It is very strange. The following steps brought as well the duration back to normal values and now I cannot see those huge times anymore on the machine:

  1. Manually start Firefox with the default profile
  2. I still observed slow content process creation times of 1400ms
  3. Open some more tabs and navigate and observe the values are the same
  4. Open about:config and change the security.sandbox.content.level to 0.
  5. Continue opening tabs and navigate to certain pages -> values dropped to normal
  6. Change security.sandbox.content.level back to 3
  7. Continue opening tabs and navigate to certain pages -> values stayed at normal

Now I'm not able to reproduce the high value anymore on the machine. When restarting Firefox the value stays low, cleaning the Firefox folder under Application Support or the Cache doesn't change anything as well. Also the Marionette test now reports normal values.

Is there any other location on the Mac where we are storing a cache? Note that the amount of stored bundles hasn't changed at all - so it shouldn't be the problem.

(In reply to Henrik Skupin [:whimboo][⌚️UTC+2] from comment #76)

CC'ing Robin for information given that this might be related to the application update tests as well.

Stephen has worked on updater tests and might have some insight here. See comment 73 and later.

(In reply to Henrik Skupin [:whimboo][⌚️UTC+2] from comment #78)

Now I'm not able to reproduce the high value anymore on the machine. When restarting Firefox the value stays low, cleaning the Firefox folder under Application Support or the Cache doesn't change anything as well. Also the Marionette test now reports normal values.

I pushed another try job which basically adds a new task folder and puts all files in a different location. With that the content process creation time is again ~1400ms (live log).

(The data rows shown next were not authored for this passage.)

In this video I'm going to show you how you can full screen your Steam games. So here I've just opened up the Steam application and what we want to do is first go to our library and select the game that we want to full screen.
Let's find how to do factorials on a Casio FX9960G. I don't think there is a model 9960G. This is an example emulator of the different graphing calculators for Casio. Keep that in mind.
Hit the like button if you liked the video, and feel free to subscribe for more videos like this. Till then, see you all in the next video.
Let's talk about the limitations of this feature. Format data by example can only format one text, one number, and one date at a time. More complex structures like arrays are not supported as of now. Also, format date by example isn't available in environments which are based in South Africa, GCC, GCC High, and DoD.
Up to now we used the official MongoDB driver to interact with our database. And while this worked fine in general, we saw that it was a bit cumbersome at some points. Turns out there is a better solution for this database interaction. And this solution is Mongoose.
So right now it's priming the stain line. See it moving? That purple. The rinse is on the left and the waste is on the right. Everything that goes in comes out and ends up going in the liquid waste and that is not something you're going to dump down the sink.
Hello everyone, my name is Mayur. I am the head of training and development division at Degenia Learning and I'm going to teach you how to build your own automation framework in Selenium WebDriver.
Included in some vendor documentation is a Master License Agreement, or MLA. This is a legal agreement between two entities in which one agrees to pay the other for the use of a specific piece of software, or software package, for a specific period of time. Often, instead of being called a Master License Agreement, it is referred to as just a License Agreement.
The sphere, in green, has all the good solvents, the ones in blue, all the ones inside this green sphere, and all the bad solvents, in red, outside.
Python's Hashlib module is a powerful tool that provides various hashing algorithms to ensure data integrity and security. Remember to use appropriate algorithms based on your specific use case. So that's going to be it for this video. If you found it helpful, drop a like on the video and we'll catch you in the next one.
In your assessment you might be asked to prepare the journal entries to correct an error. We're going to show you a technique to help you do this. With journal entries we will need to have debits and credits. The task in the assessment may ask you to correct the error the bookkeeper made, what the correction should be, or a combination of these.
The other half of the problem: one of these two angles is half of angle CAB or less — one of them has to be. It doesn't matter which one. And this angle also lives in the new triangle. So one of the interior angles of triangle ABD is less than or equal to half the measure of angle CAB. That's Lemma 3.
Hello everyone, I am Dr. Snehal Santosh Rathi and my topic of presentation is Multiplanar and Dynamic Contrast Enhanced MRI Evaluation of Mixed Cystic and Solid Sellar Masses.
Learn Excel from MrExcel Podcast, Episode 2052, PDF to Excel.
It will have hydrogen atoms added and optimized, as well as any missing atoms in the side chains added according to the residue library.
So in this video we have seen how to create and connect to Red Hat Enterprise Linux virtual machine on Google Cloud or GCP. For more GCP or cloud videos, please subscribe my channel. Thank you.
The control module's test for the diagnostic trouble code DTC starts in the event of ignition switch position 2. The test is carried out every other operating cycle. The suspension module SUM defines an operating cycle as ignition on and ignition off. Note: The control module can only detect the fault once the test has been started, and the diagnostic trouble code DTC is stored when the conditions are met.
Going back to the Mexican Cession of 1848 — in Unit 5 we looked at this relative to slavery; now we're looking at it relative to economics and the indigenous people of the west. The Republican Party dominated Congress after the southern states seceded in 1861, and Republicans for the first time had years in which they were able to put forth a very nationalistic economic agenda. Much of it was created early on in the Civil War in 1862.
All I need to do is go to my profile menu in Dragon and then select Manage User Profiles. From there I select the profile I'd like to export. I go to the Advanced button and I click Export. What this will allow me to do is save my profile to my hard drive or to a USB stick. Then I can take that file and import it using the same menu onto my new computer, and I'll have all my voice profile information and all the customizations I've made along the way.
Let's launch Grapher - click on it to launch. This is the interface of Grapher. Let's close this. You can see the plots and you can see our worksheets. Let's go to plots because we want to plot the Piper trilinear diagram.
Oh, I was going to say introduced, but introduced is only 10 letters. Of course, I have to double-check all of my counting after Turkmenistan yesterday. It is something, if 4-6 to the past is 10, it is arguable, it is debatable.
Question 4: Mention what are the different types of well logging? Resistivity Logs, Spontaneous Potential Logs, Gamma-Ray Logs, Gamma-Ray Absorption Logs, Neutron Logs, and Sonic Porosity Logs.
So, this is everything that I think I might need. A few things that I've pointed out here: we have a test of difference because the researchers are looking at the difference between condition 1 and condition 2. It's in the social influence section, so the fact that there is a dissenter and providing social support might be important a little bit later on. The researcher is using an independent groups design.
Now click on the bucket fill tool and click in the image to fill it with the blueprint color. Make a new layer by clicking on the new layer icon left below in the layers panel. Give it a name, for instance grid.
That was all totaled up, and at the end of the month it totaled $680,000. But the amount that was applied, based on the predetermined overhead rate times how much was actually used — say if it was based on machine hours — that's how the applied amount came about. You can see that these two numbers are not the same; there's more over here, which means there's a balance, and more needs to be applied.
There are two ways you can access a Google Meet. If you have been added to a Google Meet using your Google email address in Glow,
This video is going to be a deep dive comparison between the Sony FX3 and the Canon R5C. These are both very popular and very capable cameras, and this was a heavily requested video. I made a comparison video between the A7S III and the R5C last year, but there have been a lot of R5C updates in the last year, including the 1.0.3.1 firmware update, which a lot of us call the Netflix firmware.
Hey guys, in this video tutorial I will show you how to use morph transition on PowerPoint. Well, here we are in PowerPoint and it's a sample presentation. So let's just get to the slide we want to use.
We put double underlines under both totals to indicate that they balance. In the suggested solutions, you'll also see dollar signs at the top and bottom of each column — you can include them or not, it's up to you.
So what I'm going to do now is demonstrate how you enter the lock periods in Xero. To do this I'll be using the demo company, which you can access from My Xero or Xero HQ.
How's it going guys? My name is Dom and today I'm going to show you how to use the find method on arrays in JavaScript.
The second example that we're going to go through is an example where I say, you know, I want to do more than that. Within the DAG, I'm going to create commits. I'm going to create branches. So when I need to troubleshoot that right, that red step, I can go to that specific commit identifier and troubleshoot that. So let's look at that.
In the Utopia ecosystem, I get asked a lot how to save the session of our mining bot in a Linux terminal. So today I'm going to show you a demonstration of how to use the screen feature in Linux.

So it may have to do something with the location of the Firefox binary. Could it be that maybe writing to the LaunchServices database is the problem here? We probably do it only once and when the path is added we no longer have to do it again? Just guessing...

filed Bug 1976984 to split out the possibility for changing our screen resolution code.

Flags: needinfo?(jmaher)

I was using the following command to wipe all the entries from the LaunchService database:

sudo /System/Library/Frameworks/CoreServices.framework/Versions/A/Frameworks/LaunchServices.framework/Versions/A/Support/lsregister -kill -r -domain local -domain system -domain user

But sadly it didn't change anything. The creation time is still slow when running a Marionette test afterward. Checking for entries once it was done revealed these two:

/opt/worker/tasks/task_175248934257528/build/application/Firefox Nightly.app
/opt/worker/tasks/task_175248934257528/build/application/Firefox Nightly.app/Contents/MacOS/plugin-container.app

I wonder if we actually should register the plugin-container.app? It's just an internal helper application the user isn't facing at all.

I filed https://github.com/mozilla-platform-ops/ronin_puppet/issues/903 for the launch services db cleanup after a task finished running.

Given that I can easily reproduce on the machine in CI I now created 3 different profiles:

  1. Starting Firefox without any modifications (sandbox level 3): https://share.firefox.dev/4kzbJ4R
  2. Starting Firefox with the sandbox level set to 0: https://share.firefox.dev/451lYdz
  3. Starting Firefox with the sandbox level set back to 3: https://share.firefox.dev/46fRTZ7

As you can see there is one big difference here. In both cases (1 and 2) we have XRE_RunAppShell calling nsGetServiceByCID::operator() whereby with sandbox level 3 this takes around 2037ms (which matches the XXX pid: 75313, type: 2, nsAppShell init time: 2056 millisecond), while with sandbox level 0 this call only takes 181ms (XXX pid: 75862, type: 2, nsAppShell init time: 181 milliseconds). Interestingly when I turn on sandboxing again nsGetServiceByCID::operator() is no longer in the stack, which would explain why we do no longer see the delay due to the slow call to _LSBundleFindWithNode (what Markus mentioned in comment 69).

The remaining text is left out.